Referring now also to Figure 9 the integrated circuit includes a series arrangement of a charge subtraction circuit 34 comprising four transistors 25, 27, 29, 31 and a photodiode 33 connected across the outputs of the rectifier 19 i.e. the voltage rails Vdd, Vss. The photodiode 33 is aranged such that it is responsive to light emitted by the lamp 1, a suitable viewing window being provided adjacent the photodiode within the unit containing the circuitry contained within the box 24. A J-K flip-flop 35 is connected via a Schmitt trigger circuit 37 to the node between the photodiode 33 and transistor arrangement 25, 27, 29, 31. The flip-flop 35 has outputs Q and Q which are arranged to address the gates of the four transistors 25, 27, 29, 31, the flip-flop 35 being clocked by a system clock 38. The four FETs 25, 27, 29, 31 thus switch small capacitors 39, 41 between the photodiode 33 and the ground rail Vss alternately. Every time Q and Q change, this being dependent on the value of the JK inputs to the flip-flop 35 one of the capacitors 39 or 41 is discharged to ground and the other capacitor 41 or 39 is charged up to the voltage of the photodiode 33. This then enables the discharge of the photodiode 33 towards ground by a known amount which depends on the relative capacitance of the small capacitor 41 or 39 and the photodiode 33. Light from the lamp 1 falling on the photodiode 33 results in a photo current which charges the photodiode 33 away from ground. When the photodiode voltage exceeds the threshold of the Schmitt trigger circuit 37, the JK inputs to the flip-flop 35 go high, thereby causing Q and Q to change on the next clock pulse edge. This in turn causes the grounded capacitor 39 or 41 to be connected to the photodiode 33 thus bringing the photodiode voltage back below the Schmitt threshold. As a result of this the output of the flip-flop 35 alternates at a frequency which is directly proportional to the intensity of the light falling on the photodiode 33. Thus a counter (not shown) connected to the integrated circuit 23 would display a count proportional to the light falling on the photodiode 33 integrated over a chosen counting period. A voltage derived from the flicker component in the output of the flip-flop 35 is used to control the conductance of the FET 21 to thereby reduce the 50 Hz flicker in the lamp 1.

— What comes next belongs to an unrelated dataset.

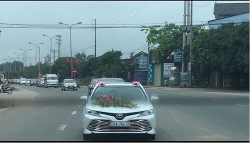 yeu cau tam dinh chi pho giam doc benh vien da khoa to chuc dam cuoi cho con giua mua dich covid 19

[0020] Referring now to Figures 10, 11 and 12 in order to detect the flicker component in the repetitive waveform of the supply in the frequency output of the flip-flop 35 the waveform is multiplied by a sinusoidal function of the same frequency and phase as the supply waveform and the result integrated over the repetition period i.e. Fourier analysed. The ideal multiplication waveform is the sine wave shown in Figure 10. This may however be replaced by the approximation of the square wave shown in Figure 11. Thus the frequency count over one half of the supply cycle will be subtracted from the frequency count over the other half to give a flicker component. The disadvantage of such an arrangement however is the spurious response at odd harmonica of the supply frequency, for example 150 Hz and 250 Hz flicker might be responded to, the circuit thus generating a spurious 50 Hz pulse. In such an event waveforms of the type shown in Figure 12 may be used. This may be readily implemented by using a divide by two circuit to halve the frequency output of the flip flop 35 at selected times within the supply waveform cycle. For example, if over half a cycle the times allocated for multiplications of 1/2, 1 and then 1/2 are in the ratio 1:1:1, the spurious 150 Hz response will be reduced to zero. If however these times are in the ratio 1:2:1, both the 150 Hz and 250 Hz responses will be reduced by a factor of about 6. As, however, symmetric lamps will have flicker at only even harmonics of the supply frequency this is unlikely to be a major problem.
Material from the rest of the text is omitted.